Desde las posiciones escépticas asumidas por Hume, es fácil anticipar que sólo cabe rechazar cualquier intento por demostrar la existencia de Dios. Cualquier argumento ontológico que se esgrima para proveer esta prueba es rechazado por su incapacidad de proveer aquello que se propone. Su naturaleza demostrativa sólo lo conduce a extraer las consecuencias de lo que está inicialmente supuesto. Cualquier prueba de causalidad se ve obligadamente descartada por negarse precisamente la posibilidad de relaciones causales. Hume le concede mayor atención, sin embargo, al examen del argumento que sostiene que el universo de lo existente requiere de un creador que lo haya diseñado: lo existente sería la obra de la inteligencia de un ser superior.

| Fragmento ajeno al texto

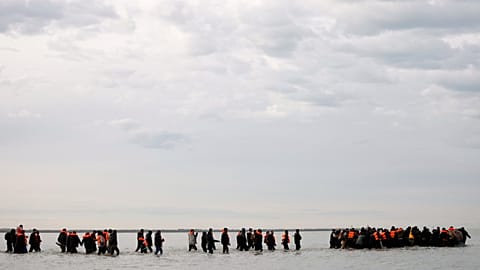 Migrants walk in the water to board a small boat and to reach Britain in Gravelines, 6 November, 2025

No es del caso examinar en detalle la crítica que desarrolla Hume frente a este argumento. Lo que interesa es destacar cómo Hume percibe en él la manifestación de un racionalismo extremo que ve necesario remitir a la capacidad de la mente la existencia de lo real. Lo existente remite a una conciencia que así lo diseñó. Para Hume éste es un planteamiento que no tiene fundamento, en la medida en que la razón no puede ser afirmada como el único principio de lo existente. Hume menciona a este respecto principios tales como el instinto, la generación y la vegetación.

En síntesis, para Hume la existencia de Dios no puede ser ni racional ni empíricamente demostrada, pues lo que es puramente racional no demuestra sino lo que supone y lo empírico está obligadamente sometido a lo particular, y de lo particular no es posible inferir a Dios.

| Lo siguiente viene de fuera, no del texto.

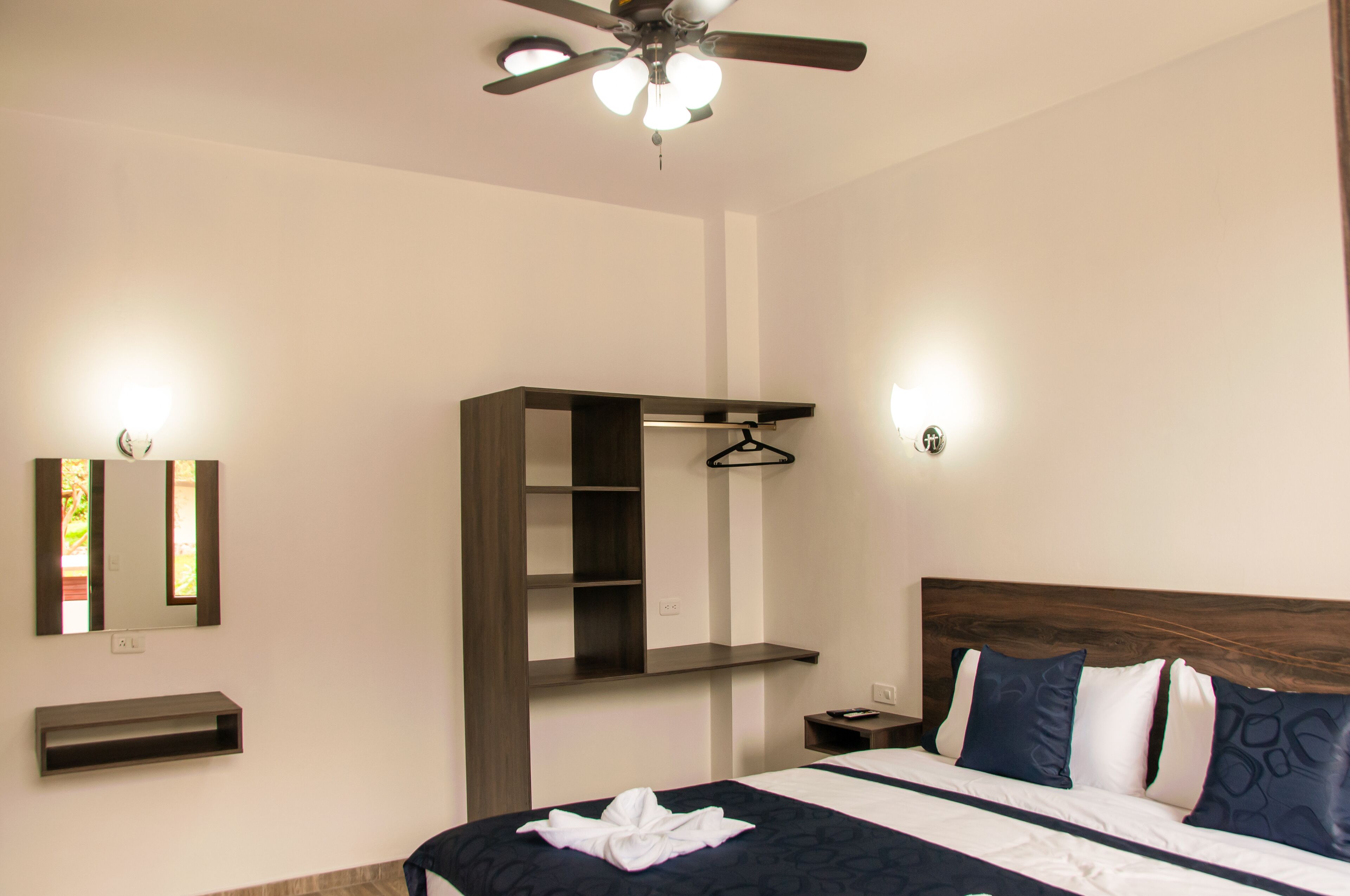 Habitación de hotel con cama, ventilador de techo, estante montado en la pared, mesita de noche y perchero.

Si se ha considerado conveniente hacer algún alcance a la crítica que Hume dirige al intento de demostrar la existencia de Dios a través del argumento del diseño, es por cuanto, desde la misma posición desarrollada a la indicada crítica, Hume desarrollará su concepción sobre el comportamiento humano. En efecto, uno de los puntos centrales afirmados por Hume es aquel de restringir el papel de la razón en lo que son las cuestiones sociales o históricas.

No se trata de invocar la irracionalidad en el comportamiento humano. Por el contrario, se trata de afirmar que no todas las instituciones sociales, las costumbres, hábitos y valores, las estructuras en las que los hombres actúan son necesariamente el resultado de la conciencia o de la razón, de alguien que así las diseñó y luego las ejecutó. Muchas de ellas son sólo el resultado de tipos de comportamiento que han perdurado por cuanto han resultado ser más eficientes que otros y cuya vigencia escapa al propósito y la intención de los hombres.

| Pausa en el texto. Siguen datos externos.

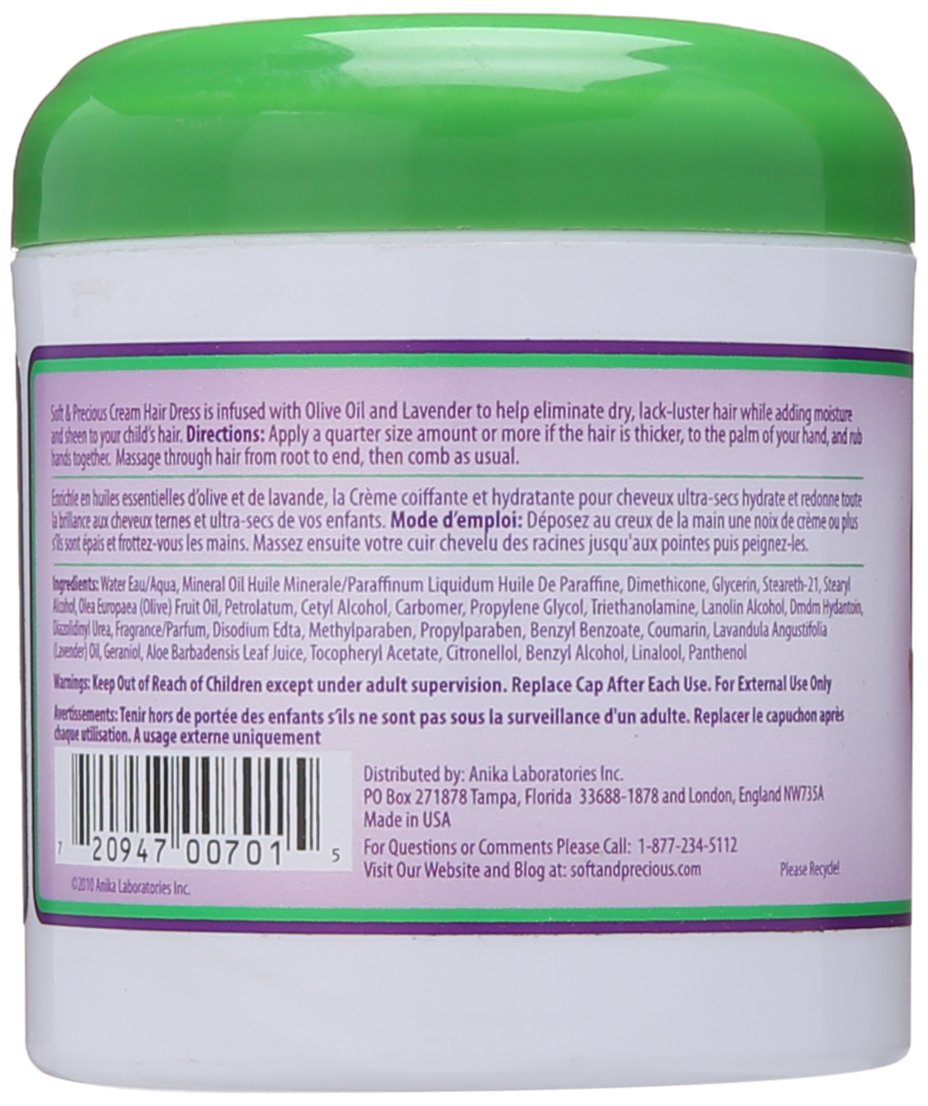 Soft & Precious close-up of cream texture applied to baby hair for smooth finish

Este mismo argumento, por su parte, inclina a Hume hacia la prudencia frente al propósito de los hombres de declarar obsoleto lo existente y pretender el diseño racional de nuevas instituciones y formas de comportamiento. Para Hume el papel de la razón en la historia es mucho más restringido del que suele atribuírsele. Tómese en consideración que Hume muere muy poco antes de la revolución francesa y, por consiguiente, del primer gran intento en la historia de abolir el orden social existente y de construir, bajo la inspiración de la razón, una nueva sociedad.